Анка опять веселеет и беззлобно говорит:
— Ты Ванюшку не задевай. Тебе до него, как сверчку до птицы… Другая на моем месте так бы тебе рожу раскровенила, что маменька родимая не узнала бы. Счастье твое, что злобы у меня на тебя нет, так, склизость какая-то только. На себя больше злюсь. Когда тебя увижу, мне словно кто лягушку в руку положит. Ты вот что: если не хочешь совсем подлецом быть, поменьше языком звони. Я хоть звону и не очень боюсь, а все-таки без тебя звонарей много… Понял? Черт ты, черт болотный! — недоуменно качает она головой. — И в какой это нехороший час тебя задумали?..
Придя домой, Анка подмела и вымыла в избе. Затем перетащила кровать в чуланчик за печкой. На окна прибила белые занавески. Стол придвинула ближе к окну. Отойдя к порогу, она, сдвинув брови, внимательно осмотрела комнату, потом сняла численник из переднего угла и перевесила на оконный косяк над столом. С полки из чулана принесла свои тетрадки, сложила их стопочкой на столе, сверху карандаш положила.

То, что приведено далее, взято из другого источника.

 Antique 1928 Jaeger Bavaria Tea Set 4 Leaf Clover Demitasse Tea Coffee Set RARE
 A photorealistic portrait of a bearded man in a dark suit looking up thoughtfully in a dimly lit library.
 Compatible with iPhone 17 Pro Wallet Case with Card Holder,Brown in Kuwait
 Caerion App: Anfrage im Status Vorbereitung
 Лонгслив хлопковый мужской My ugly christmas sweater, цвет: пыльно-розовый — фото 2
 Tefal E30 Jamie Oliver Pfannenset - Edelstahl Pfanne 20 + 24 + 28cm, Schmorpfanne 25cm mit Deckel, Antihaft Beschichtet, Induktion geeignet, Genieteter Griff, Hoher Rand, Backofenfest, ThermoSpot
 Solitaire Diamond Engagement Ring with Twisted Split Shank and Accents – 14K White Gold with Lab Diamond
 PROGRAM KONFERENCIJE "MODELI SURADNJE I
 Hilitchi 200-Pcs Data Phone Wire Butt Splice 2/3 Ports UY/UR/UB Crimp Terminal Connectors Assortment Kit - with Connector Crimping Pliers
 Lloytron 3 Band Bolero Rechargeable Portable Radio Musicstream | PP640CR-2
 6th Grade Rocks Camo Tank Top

Довольная, она ходит по изменившейся, сразу посветлевшей избе.
Расстроенный неудачным разговором с Анкой и угрозами пастуха, Яшка зашел отвести душу к верному своему приятелю — писарю сельсовета Петру Ивановичу Калдину. Петр Иванович холост, одинок и вечно пьян. Живет он на квартире у содержателя пивной Захара Степановича. Жизнь ведет безобразную, неряшливую. Настил деревянных досок между печкой и простенком, прикрытый наискось лоскутным, в пятнах одеялом, заменяет ему кровать. Засаленные две подушки в красных наволочках валяются на полу у кровати. На них с ворчанием возится над костью облезлая черная собака. По полу разбросаны махорочные окурки. В комнате — прокислый, застоявшийся дух.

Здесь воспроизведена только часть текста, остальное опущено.